First of all, apologies for my relatively little time on the site lately; a lot of the time I would normally use for it has been taken up by Pokémon Go and extra work recently.
So, I've been thinking about The Unstoppable Feeling. Thinking about it, not feeling it, thank goodness. And something occurs to me. It's something I've thought of before, but dismissed it either because I didn't find it important or because I was worried about the implications. But I think it's time to discuss exactly what the core of TUF is. I call it species dysphoria, but that's not exactly it. The core is a deep and overwhelming desire to not be in a human body
The important thing is, it isn't a deep and overwhelming desire to be in a fauntaur body, it's to not be in a human body. Don't worry, I'm not doubting myself being kin again, but I think it's important to unpack this and figure out what it means. At the surface level it means that being in another non-fauntaur body wouldn't be this bad. It's a human body specifically that causes problems. And that does make sense to me, as a human lacks some of the most prominent aspects of a fauntaur body: hooves and horns. The legs are the wrong shape (and maybe the wrong number) too. Beyond that, humans are just too civilized. And ironically, human me is often excessively polite and orderly, which my non-human side does not like.
I can't help but wonder, though, whether there's something else to this, beneath the surface. I can only theorize about this, of course, but I'm interested in seeing what I can find out. Maybe I hated humans in a past life; that would be about as ironic as it gets. Or perhaps I prided myself on being different from humans? But even those things wouldn't override my desire to be in the specific correct sort of body, I would think. So I can't help but go back to one of my “fanciful theories,” the one that I bring up the least. That's the theory that I was transformed into a human in a past life. I usually tend to think it's the other way around (to explain my intense reactions to stories of forced transformation) but who knows?

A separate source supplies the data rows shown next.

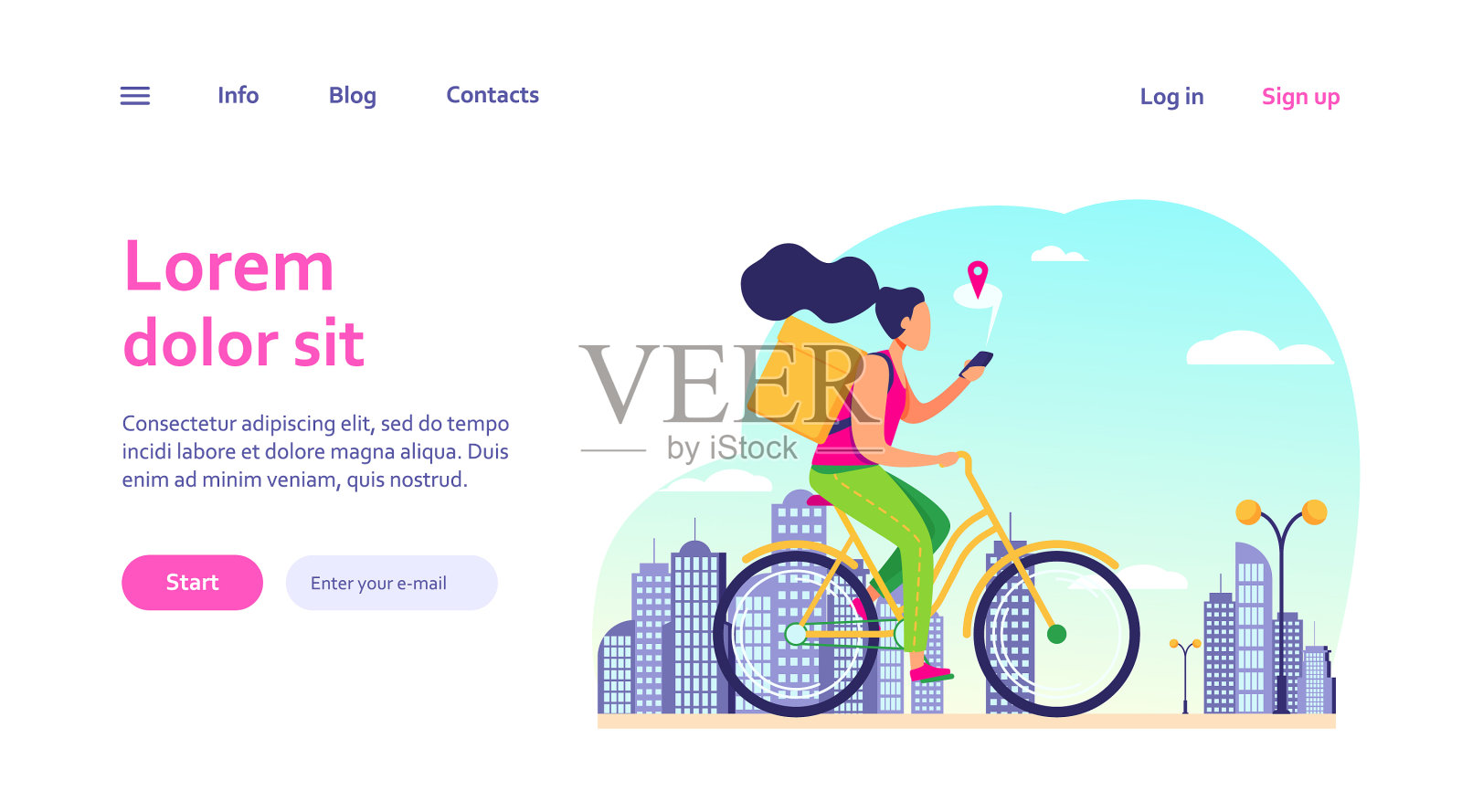 快递员骑着自行车，在电话上查看地址插画图片素材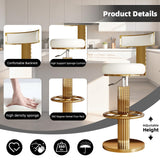 Swivel Bar Stools, Counter Height Stools with Gold Stainless Steel, White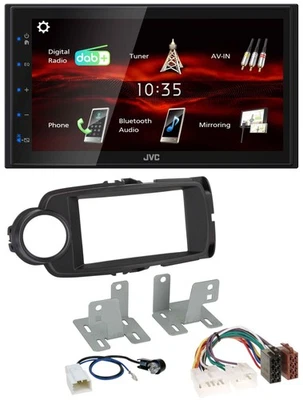 JVC USB Bluetooth MP3 DAB 2DIN Autoradio für Toyota Yaris 11-20 schwarz - Bild 1 von 4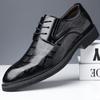 Men's Leather Shoes Business Dress Korean Version Black 2021 New Autumn Soft Surface Platform Wedding Groom Shoes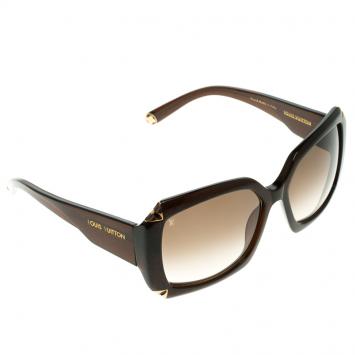 Pre Owned Louis Vuitton Dark Brown Z0366W  Hortensia Square Sunglasses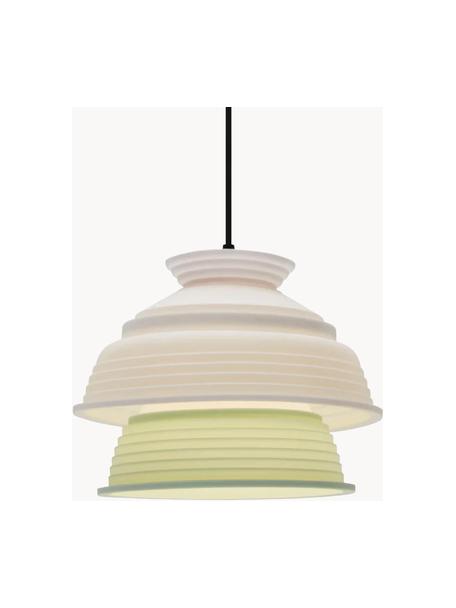 Lámpara de techo pequeña Geometry, Pantalla: silicona, plástico, Cable: plástico, Verde claro, blanco, Ø 26 x Al 20 cm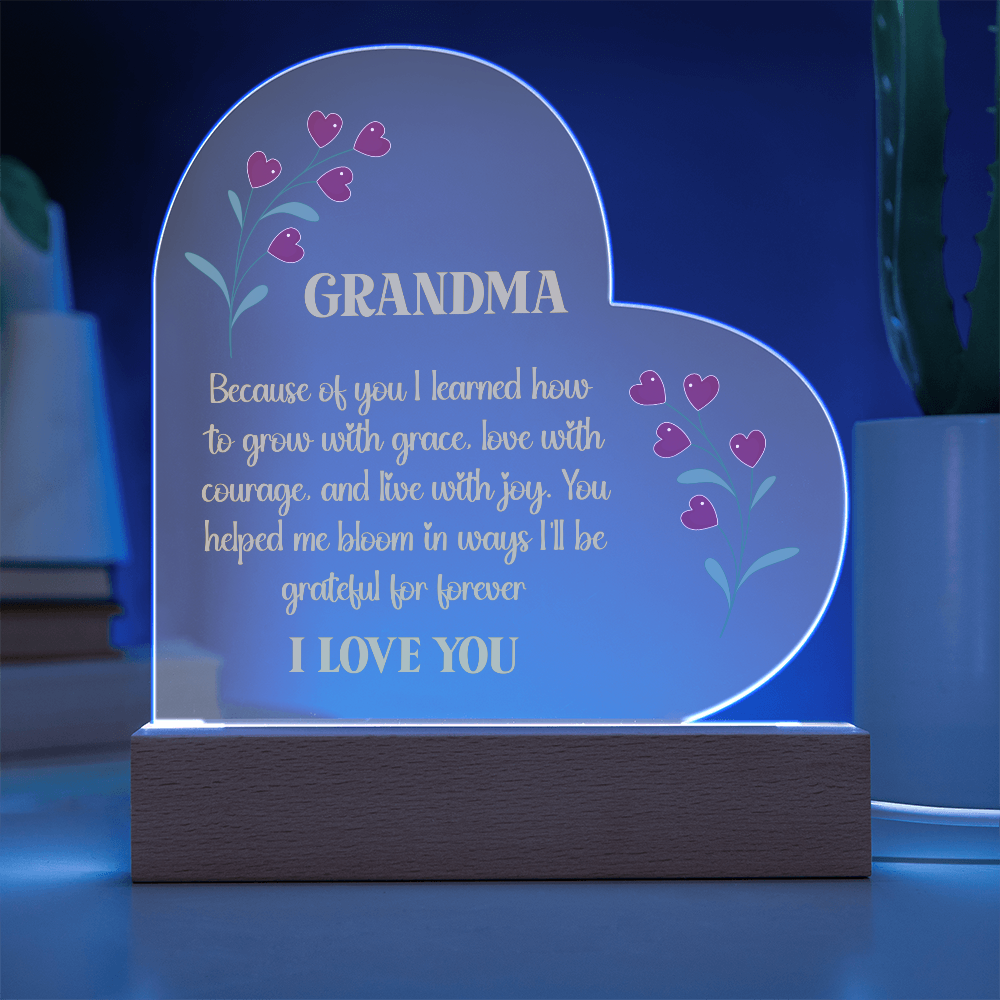 “You Helped Me Bloom” Heart Acrylic Plaque for Grandma
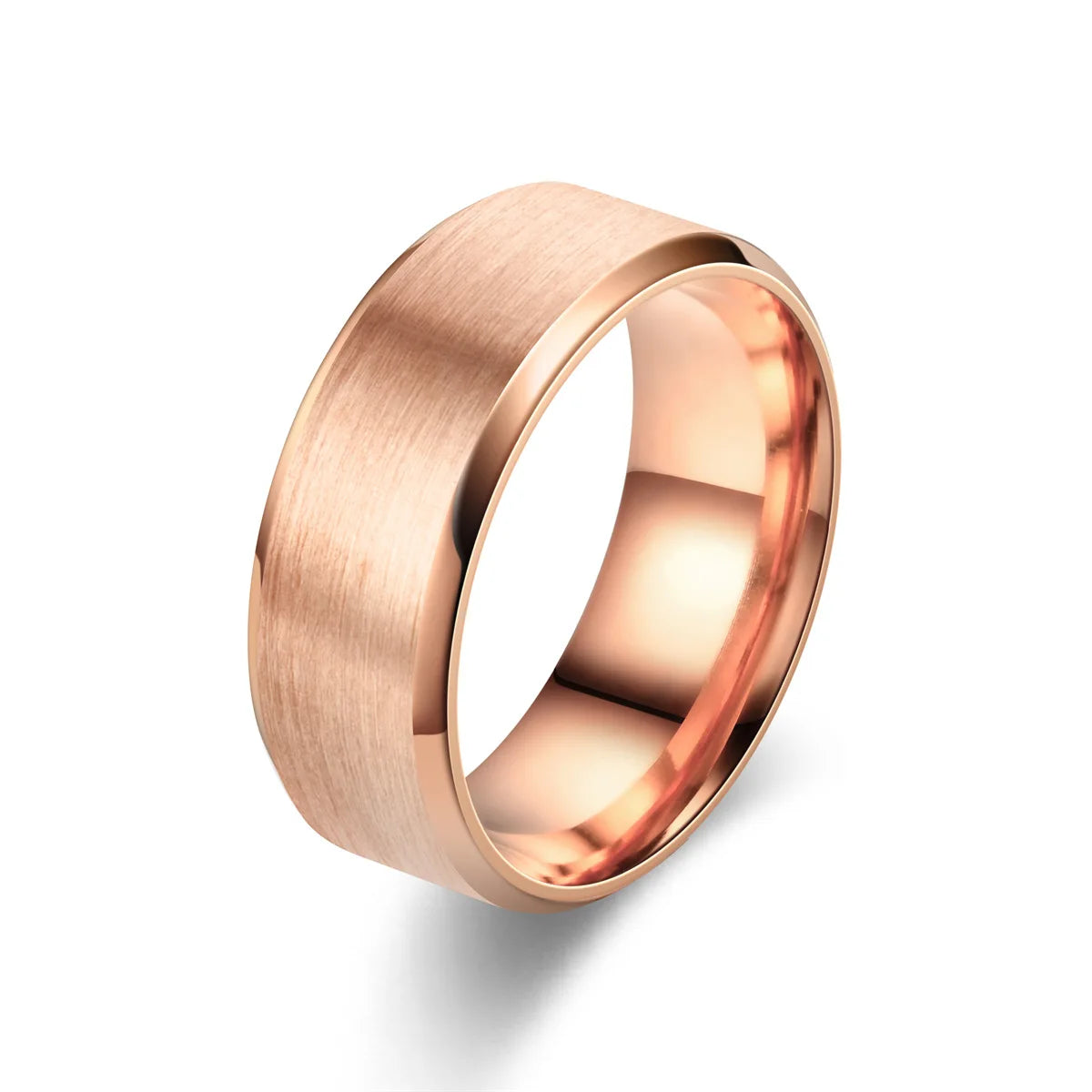 Classic 8mm Stainless Steel Men Rings Rose Gold Color Brushed Surface Wedding Band Unisex Engagement Jewelry Gifts Drop Shipping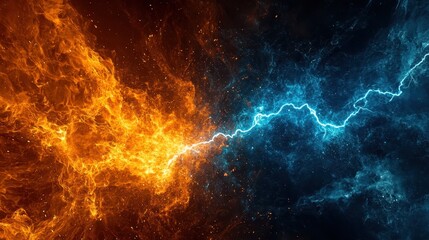 Naklejka premium Abstract Background Depicting the Clash of Fire and Lightning Elements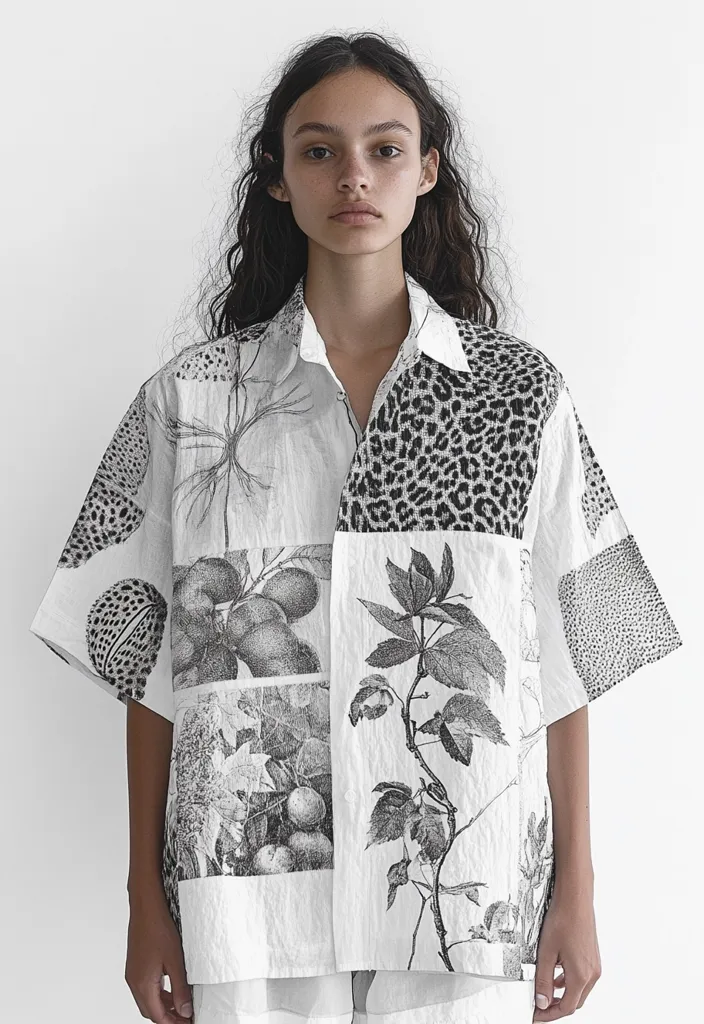A young woman with long, dark, wavy hair models a short-sleeved, button-down shirt. The shirt is white with a patchwork design featuring black and white botanical illustrations and animal print sections.  The images appear to be engraved or woodcut style prints. The overall aesthetic is monochrome and somewhat vintage.  The model appears calm and neutral in expression.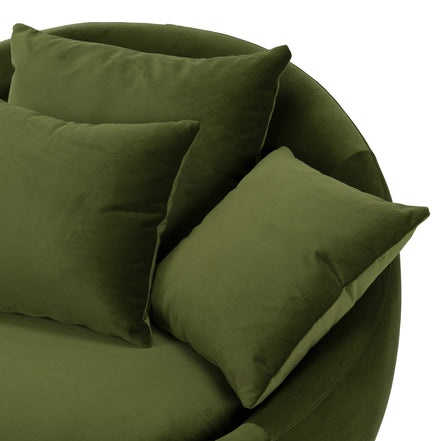 Pascal Modern Round Green Velvet Swivel Lounge Chair - image 5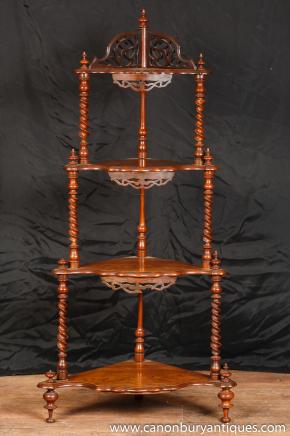 Antique Walnut Regency Corner Stand What Not Bookcase 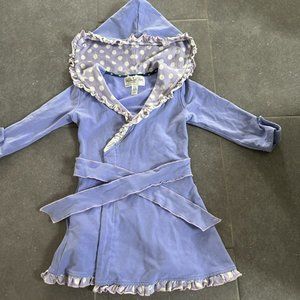 Girls Hooded Open Cardigan Robe with Belt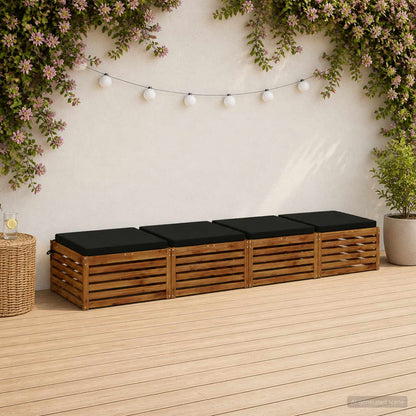 Seat Cushions SOEST 100% Polyester Anthracite 4 pcs Height 5 cm Width 60 cm Black (polyester)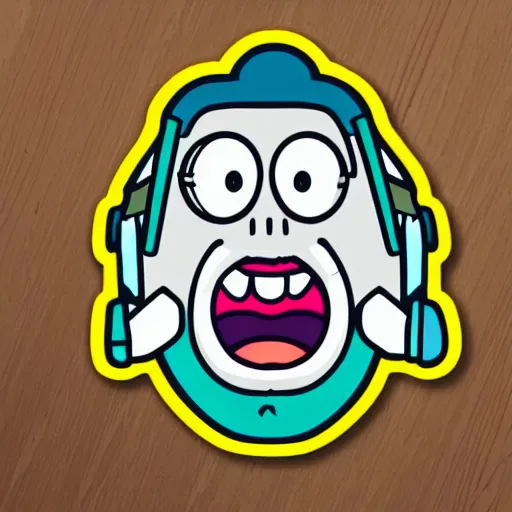 Image similar to a pickle-rick, svg sticker, vector art, wearing headphones, jamming to music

I can't help but wonder, is it the same for anyone else? Without getting into generalizations about humanity (I need that conversation like I need a third hole in the head), is there anyone else who specifically desperately hates being in a human body? I'm not going to ask this on the forum to avoid the aforementioned conversation, but I'm curious.
On a mostly unrelated note, GenCon is coming up again, so I have to be particularly wary of TUF. A primer for those who don't know: GenCon is a massive tabletop gaming convention in Indianapolis. Two years ago, at GenCon, a role playing game gave me my biggest and worst ever case of TUF. Last year I prepared myself, and while it didn't give me TUF, it was the first instance of a minor version I now call The Annoying Feeling. But I am looking forward to the convention, of course. It's always a ton of fun. Last year I played in a Werewolf LARP and a Doctor Who RPG, along with a number of very strange but fun indie RPGs. Overall I'm very excited, but I'm also just a tiny bit concerned.